For these types of studies care must be taken to include well-characterized strains (e.g., strains implicated in foodborne outbreaks) that reflect the diversity of the target organism. For genus level methods (e.g., Salmonella spp.), strains representing different species (e.g., S. bongori), subspecies (e.g., S. enterica subsp. houtenae) and further subgroups (e.g., serovars) should be selected, with an emphasis on the use of a variety of strains, serotypes, genotypes or species relevant to the food categories falling within the scope of the method. Non-target bacteria bearing properties that might confound the correct identification of the target organism (e.g., similarities in terms of displayed antigens, metabolic properties or DNA sequences) should be included in the study.
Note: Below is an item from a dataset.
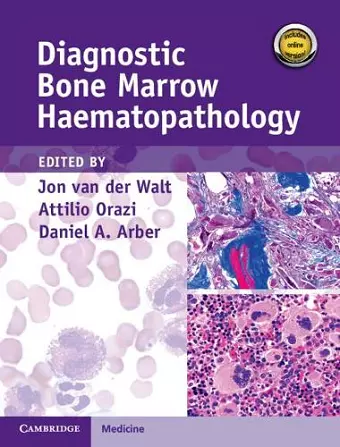 Diagnostic Bone Marrow Haematopathology Book with Online content cover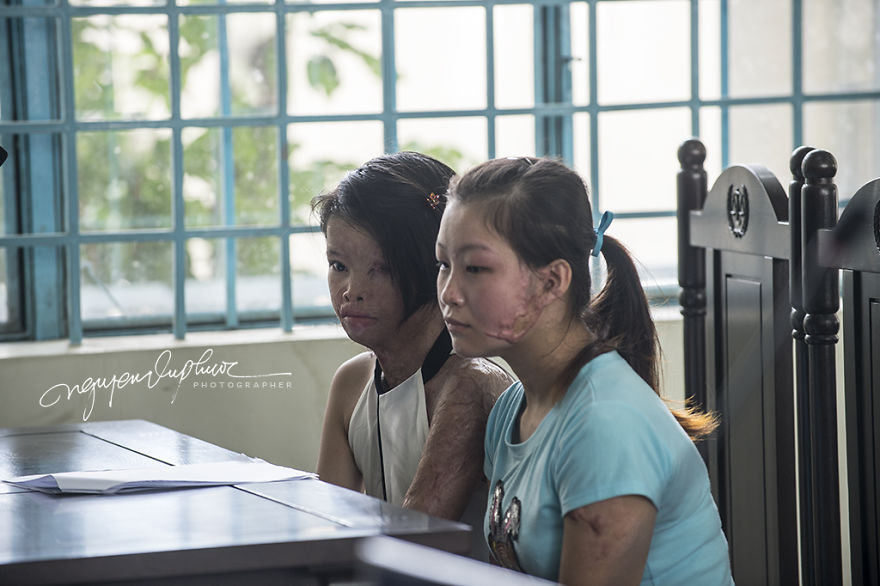 Can Tho City In Vietnam Opened The Trial Court Because Of The Intentionally Caused Injury With Acid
For example, depending on which features are targeted by the assay, difficulties may be encountered in distinguishing L. monocytogenes from L. innocua, or commensal E. coli from STEC. The CAM sets out the criteria for microbiological method performance as follows: sensitivity ≥98%; specificity ≥90.4%; false negative rate < 2%; false positive rate ≤ 9.6%; and efficacy ≥94%; and for methods intended as alternatives to established methods the level of detection must be comparable to or exceed the lower limit of detection of the reference method (Microbiological Methods Committee., 2011). More robust criteria are applied to colony identification methods which require a false negative rate ≤ 1% and a false positive rate ≤ 2.0% (Microbiological Methods Committee., 2016).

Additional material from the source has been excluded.